В сфере общественности, именно юридическое неравноправие евреев, вело к выработке лишь двух крайних, лишенных вдумчивости и беспристрастия, отношений к "еврейскому вопросу". Известные общественные элементы являлись поголовно непримиримыми юдофобами, не терпящими самого духа еврейской нации, одобрявшими и погромы и самые нелепые репрессии; лучшие сознательно являлись юдофилами, в самом широком значении этого слова, брезгливо опасаясь, даже критикой отдельных отрицательных черт и личностей, унизиться до нанесения удара лежачему.

Молчаливое соглашение по этому предмету, не всегда и не всеми, истолковывалось и понималось правильно.

Противники евреев характеризовали его, как страх перед еврейским засильем в сфере материальных отношений, иные же еврейские круги не прочь бы усматривать в этом просто слабость и невольное признание превосходства еврейской культуры.

Под шумок таких настроений, например, русская прекрасная речь безнаказанно загромождалась в повседневной печати иностранно-еврейскими вывертами и словечками, а сфера деловых и материально-экономических комбинаций и отношений, почти без боя и должной конкуренции, уступалась в распоряжение еврейских дельцов.

Юридическое бесправие еврейства, обязывавшее русскую интеллигенцию, по чисто моральным основаниям, к значительной пассивности в деле оценки даже явно отрицательных явлений, получало сплошь санкцию какой-то торжественной апологии еврейства.

Благодаря такому положению вещей, и при расплывчатой мягкотелости русского народа, замкнутая сплоченность еврейства в России являлась могучею силою.

Сила эта, именно в виду ее юридического бесправия, не могла вылиться иначе, как в силу революционную, разлагающую нашу государственность.

Еврейство вообще наклонно быть ржавчиной всякой государственности.
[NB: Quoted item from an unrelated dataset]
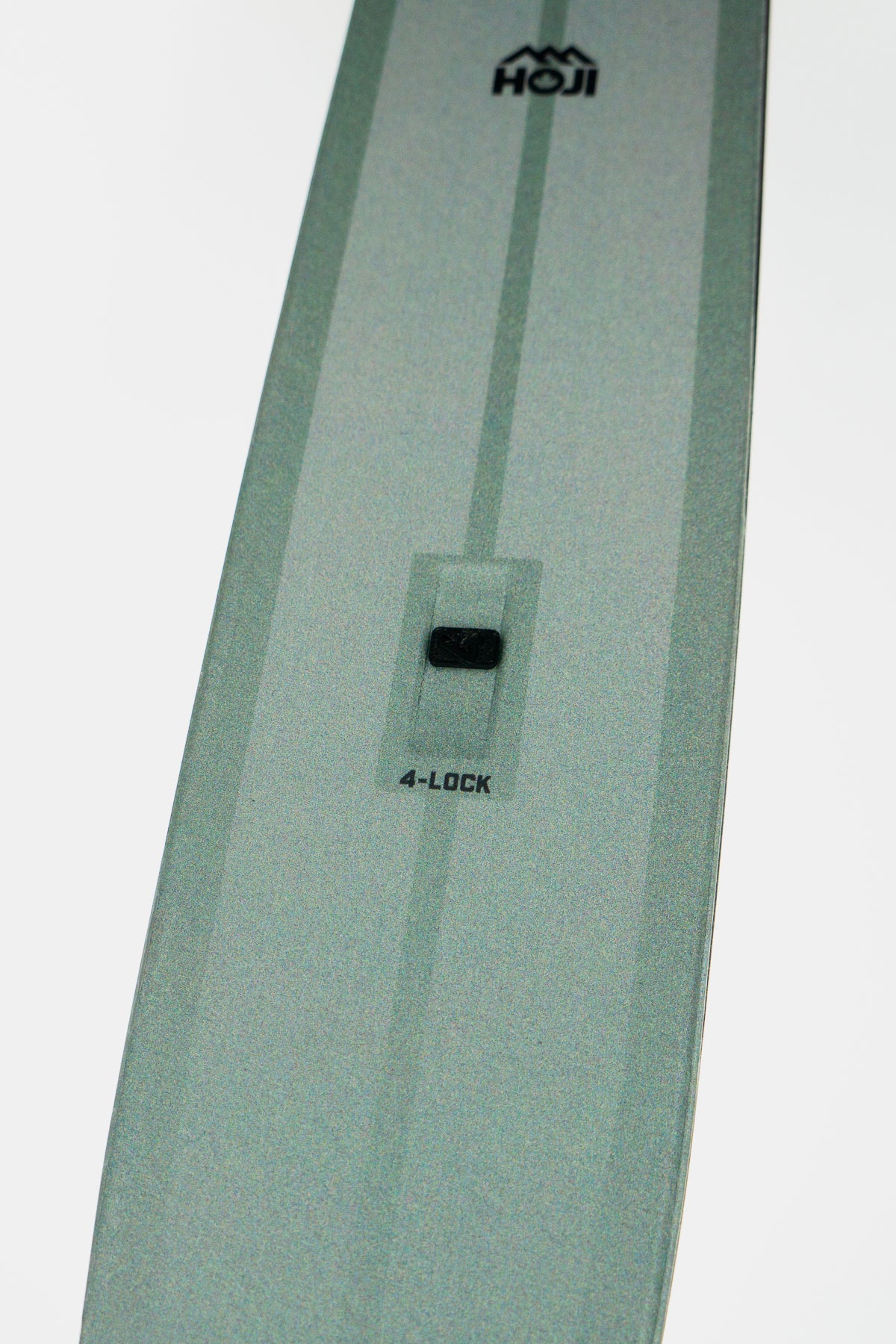 4-Lock Plug
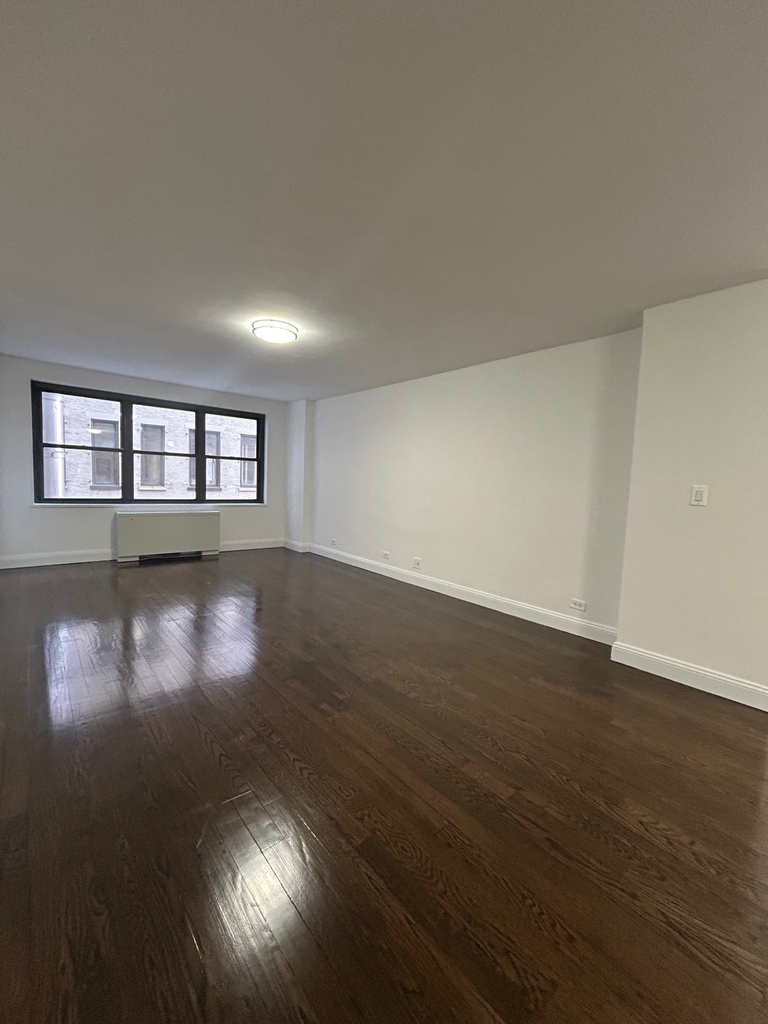 96 5th Avenue - Photo 1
Оно незримо, но неустанно разлагает ее. Не имея собственного государства (территории, в этом смысла "отечества"), каждому еврею естественно более улыбается быть "гражданином Mиpa", нежели смиренным подданным той, или иной державы. А быть подданным государства, где явно афишировалось (как в России) его бесправие и практиковался унизительный процентный учет даже на образованность, явно невыносимо.
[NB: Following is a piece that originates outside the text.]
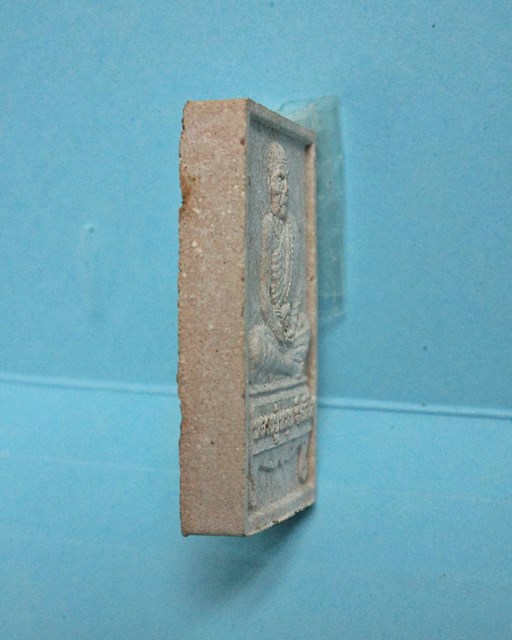 พระผงรูปเหมือนนั่งตั่งรุ่นแรก หลวงปู่หมุน ฐิตสีโล ผสมเกศา จีวร ชานหมาก ปี 2542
Русское еврейство естественно стремилось всеми средствами и усилиями сбросить с себя ярмо юридического рабства. Теперь сами евреи не скрывают свое широкое участие в деле подготовки нашей "великой" революции.
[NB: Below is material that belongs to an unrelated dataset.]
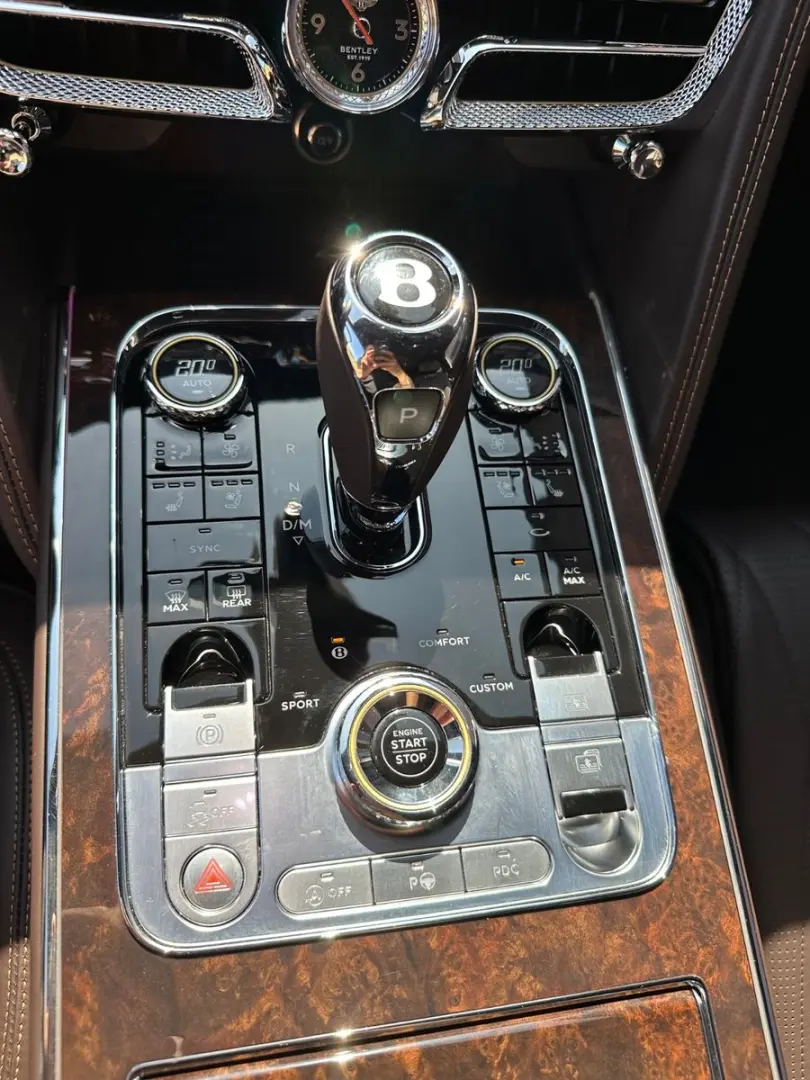 Flying Spur 6.0 W12 1 Hand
Одного, искусственно, щегловитовским правосудием, созданного, процесса злополучного Бейлиса (не говоря уже о предыдущих погромах), которым близорукая власть имела в виду "доконать" все еврейство, было через меру достаточно для революционного возбуждения русского еврейства.

Если пророчество Достоевского сбылось, и евреи "погубили Poccию", то остается самим русским учесть этот жестокий урок истории и попробовать воскресить ее.

Одной юридической жестокости и нравственной общественной дряблости для бытия государства, очевидно, недостаточно.

ГЛАВА ЧЕТВЕРТАЯ.

Раз зашла речь о русском еврействе, невольно воскресает в моей памяти светлый образ такого "русского еврея", как А. Я. Пассовер, страстно любившего Poccию, ее быт, ее литературу. С предусмотрительною терпимостью он прощал ей ее временные недочеты и твердо верил в мирное развитие ее светлого будущего. Он считал большой ошибкой со стороны самодержцев не дать всем своим подданным основных устоев равенства, широкой образованности и законности, что могло бы сразу изменить группировку революционных настроений в империи.

Поляки, финны, евреи, благодаря своей большой жизненной закаленности, по его мнению, могли явиться гораздо более надежною стеною против крайних революционных натисков, нежели сами pyccкие, вообще органически туго понимающие и воспринимающие культурность дисциплины. Он восторгался Н. Н. Герардом, когда тот в качестве Финляндского генерал-губернатора, после революции 1904-1906 гг. сумел в короткий срок завоевать себе популярность среди финнов и добиться без диких peпpeccий умиротворения края.